Performance measurement in the Business Consulting industry
The Business Consulting industry is an economic sector characterized by one of the greatest levels of added value produced. Unlike production, for example, Business Consulting is able to produce large amounts of income, with rather low consumption of resources.
The sector includes the provision of an impressive range of services to businesses, in areas from strategy planning and change management, to corporate finance, technology, human resources, or marketing. The industry has known a very dynamic evolution, from the boom sector stage, to periods of downturn and also sustained growth.

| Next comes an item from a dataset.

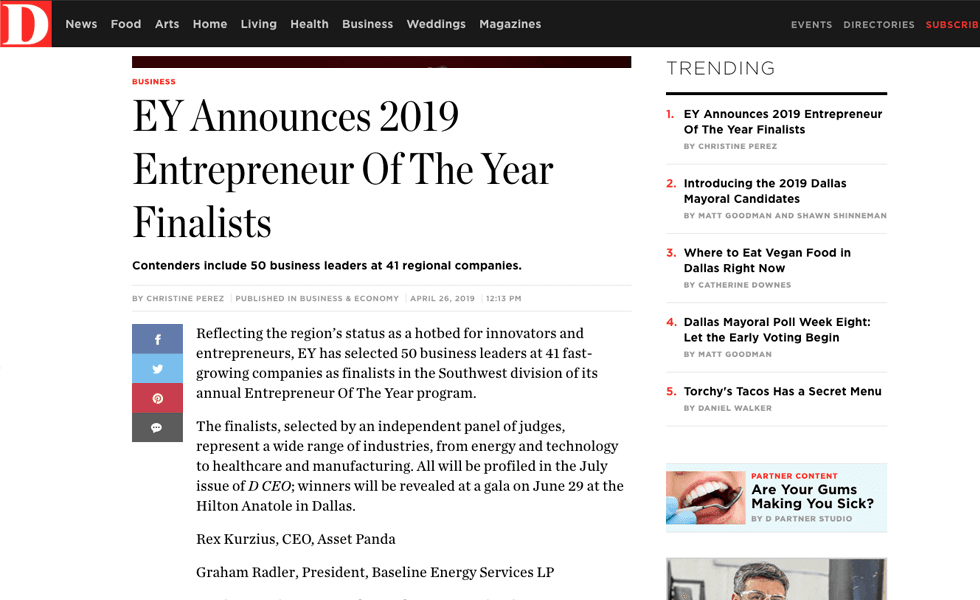 D Magazine – EY Announces 2019 Entrepreneur Of The Year Finalists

In 2005, with the “Business Consulting” publication from The Economist, it was argued that the industry was facing a crossroads, clients becoming extremely demanding. This did not come as a surprise, according to Bjorn-Erik Willoch from Capgemini, considering the fact that back in the 90s, consultants were earning a lot with little effort and were impressing the clients just „by reading the right magazines”.
Moreover, a frequent reality mentioned by Michael Traem from AT Kearney was that the clients were beginning to create their own consulting teams internally. All in all, it was clear that clients were getting tired of strategic presentations and were asking for results. Thus, outstanding quality and innovation and high levels of performance were the things that could keep Business Consulting companies on the market.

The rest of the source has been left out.